Le travail occupe-t-il une place trop importante dans nos vies ? La mise en place d'une AU accélérera-t-elle ou freinera-t-elle l'effritement de la société salariale ? Quelles seraient les conséquences sociales et économiques d'une dissociation complète entre travail et sécurité du revenu ? Est-il souhaitable de remplacer une citoyenneté soi-disant basée sur le droit au travail par une basée sur le droit au revenu ? En partant d'une société visant le plein emploi, allons-nous vers une société de pleine activité ? 

Pour certains, l'AU consacre la séparation de plus en plus grande entre l'emploi et le revenu et conforte ceux et celles qui évaluent que l'emploi ne constitue plus le principal mode d'intégration sociale et économique à la société. Pour d'autres, l'AU consacrera l'exclusion d'une partie de la population pour qui le travail demeurera encore longtemps le moyen privilégié d'intégration et de valoralisation des individus. L'AU encouragera-t-elle une plus grande participation à des activités autres que le travail ? Une AU, même de niveau décent, suffira-t-elle à éliminer la pauvreté et l'exclusion sociale ?

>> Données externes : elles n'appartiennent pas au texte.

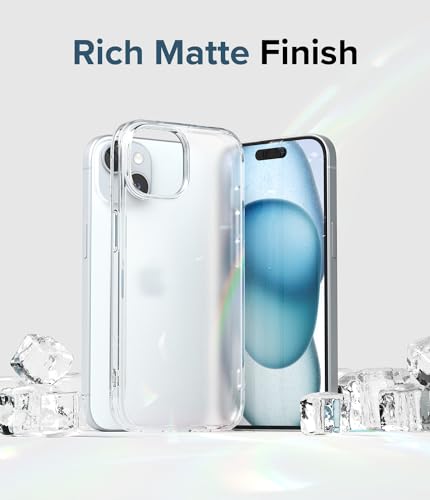 Ringke for iPhone 15 Case [Fusion Matte Clear] | Oil & Dirt Resistant, Anti-Fingerprint Technology Prevents Oily Smudges, Frosted Coating Feels Velvety Soft - size: iPhone 15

L'ÉTAT-PROVIDENCE EST-IL DÉPASSÉ ?

D'aucuns soutiennent que les modes de régulation de l'État-providence ne parviennent plus à résoudre les problèmes de chômage et d'exclusion. Doit-on fonder un nouveau contrat social sur de nouvelles formes de solidarité ? Les programmes actuels visant l'intégration par le travail semblent maintenir les exclus dans une « trappe du chômage ». L'AU serait-elle mieux adaptée aux nouvelles réalités sociales et économiques ? Si les programmes actuels ne remplissent pas bien leur mission, doit-on en faire table rase et les remplacer par une mesure unique, l'AU ? Ou doit-on plutôt adapter ces programmes aux nouvelles réalités du marché du travail que sont la précarité et l'insécurité en les rendant plus universels et accessibles (tout le contraire des réformes de l'assurance-emploi) ?

UN PROJET PROGRESSISTE OU RÉACTIONNAIRE ?

Aujourd'hui, comme hier, des projets d'AU sont proposés à droite et à gauche du spectre politique (de Milton Friedman à Michel Chartrand). Comment alors s'y retrouver ? L'on se doit d'abord d'examiner les objectifs recherchés par les protagonistes et les valeurs qui les inspirent. Mais les chemins de l'enfer sont pavés de bonnes intentions. C'est pourquoi nous devrons évaluer le réalisme du projet au regard des obstacles financiers, politiques et culturels et tenter d'en cerner le plus précisément possible les conséquences sociales, économiques et culturelles.